NoScope: Optimizing Neural Network Queries over Video at Scale, Daniel Kang et al., VLDB 2017
This is a paper that I like very much and have read multiple times. It introduces to me a new concept of efficient deep learning inferences that I think is highly underrated. It provides an example that in some application scenarios, you can build a cascade of models before using the deep learning model to infer the predictions of an input. The use case the paper introduces is real-time bus detection in videos from fixed-angled cameras. The task is a binary classification (yes/no for buses in the current frame). Every frame has the same background. And the goal is to maximize the throughput of classification results without losing accuracies. Here is what the whole pipeline looks like
The whole “cascade” can be understood in the following way. The input is first passed into a difference detector (fastest). It tells you whether the current video frame is similar to the frames in the previous seconds. If so, the model would just return the same predictions as the previous frames. If not, the input is passed into a small and lightweight neural network (a specialized model) that is trained based on the original model. If this small model returns a prediction with high confidence, we can return the predictions as well. If not, we would just take the input to the original model to obtain the predictions.
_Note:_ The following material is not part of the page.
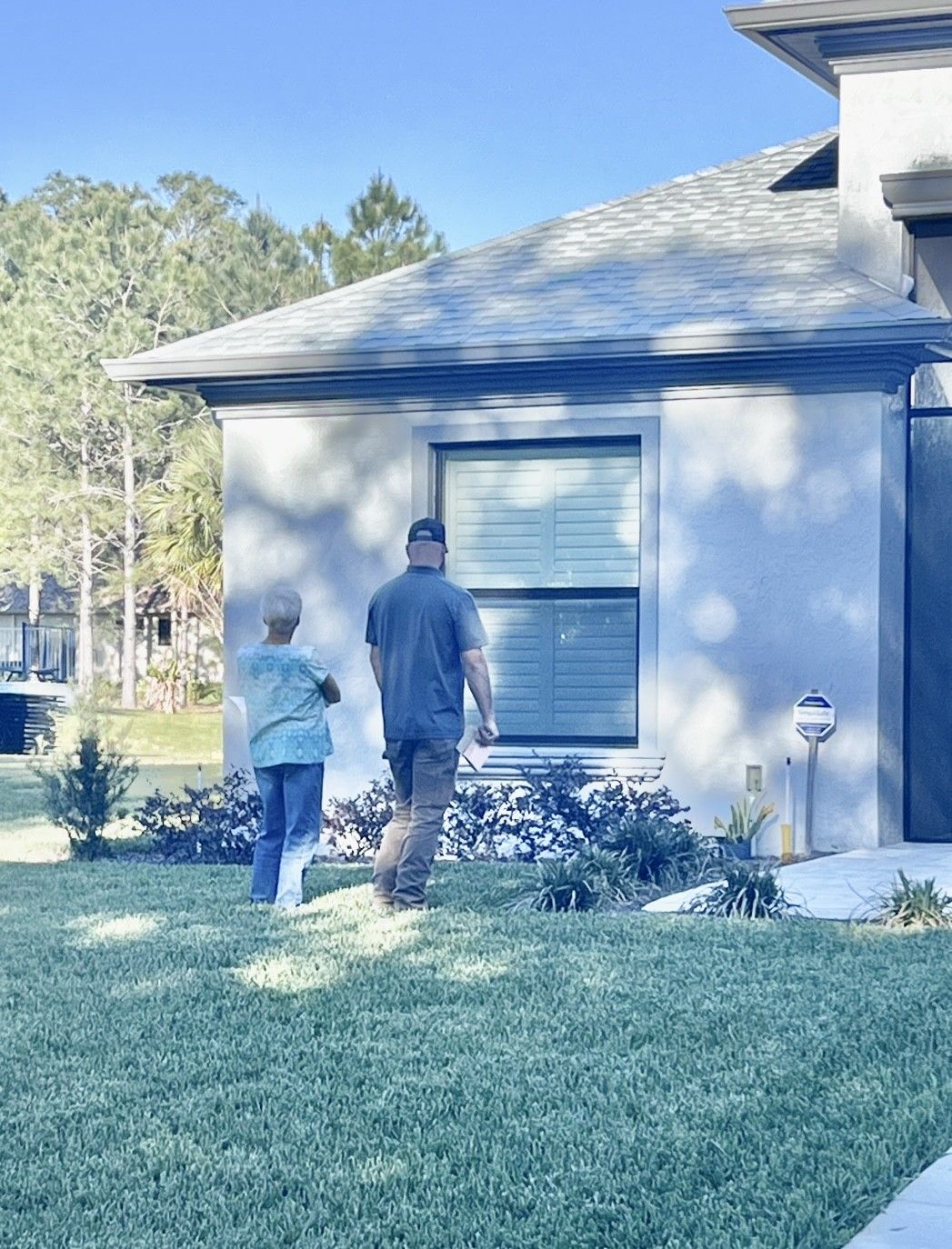 Picture Of Worker - Lecanto, FL - Luxe Landscapes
Such a pipeline of “IF-ELSE” decisions allows lots of inputs to skip the actual model inferences, thus increasing the throughput of the whole process.
The question now is how to generate the difference detector and the specialized model. For the difference detector, since the camera angle is fixed, we can extract a background image by averaging all the pixels of video frames without cars (which are determined by the original model by passing a set of frames to it). Such a background image can be used as a reference to subtract the “background” part of the frames. Then the residuals would be something meaningful to be compared. The Mean Square Error between the residual frame from the current time and the one in the previous seconds will be the differences. If the difference is small, there is no need to recompute predictions.
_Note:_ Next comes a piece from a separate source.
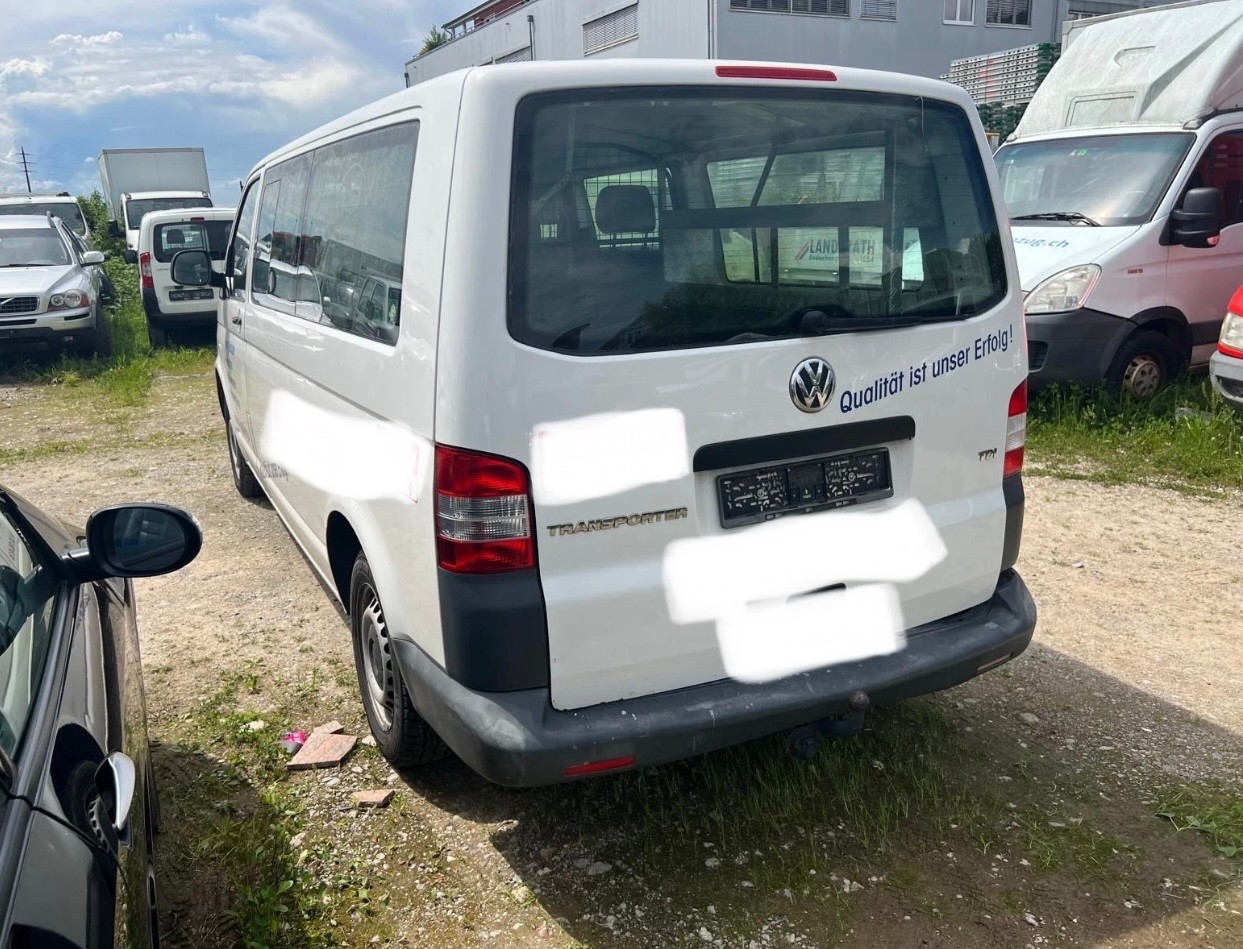 VW T5 2.0 TDI-image-2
For the specialized model, the goal is to make a neural network that is faster with reasonable accuracies. Thus, we can set a lower bound for accuracy, and within the bound, we try to maximize the throughput. An interesting note is that we do not simply go for the simplest architecture for the specialized model to satisfy this objective. It is because if the specialized model is super fast but not accurate at all, the accuracy of the whole pipeline can still be maintained, bypassing all the inputs to the original model. Therefore, the throughput of different architecture is determined by the fractions of the inputs that are passed to different components: \(f_sT_{MSE} + f_sf_mT_{SpecializedNN} + f_sf_mf_cT_{FullNN}\), where \(f_s,f_m,f_c\) correspond to the fraction of the inputs passing the difference detector, specialized model, and original model respectively, and \(T\) are the inference time. Therefore, the search of different architecture can be seen as a Cost-Based Optimizer (CBO) in choosing different “walk plans” of the model setup.
Some experiments on different datasets show that the speedup can be 100\(\times\) without degrading the accuracies by a lot (all still above 90%).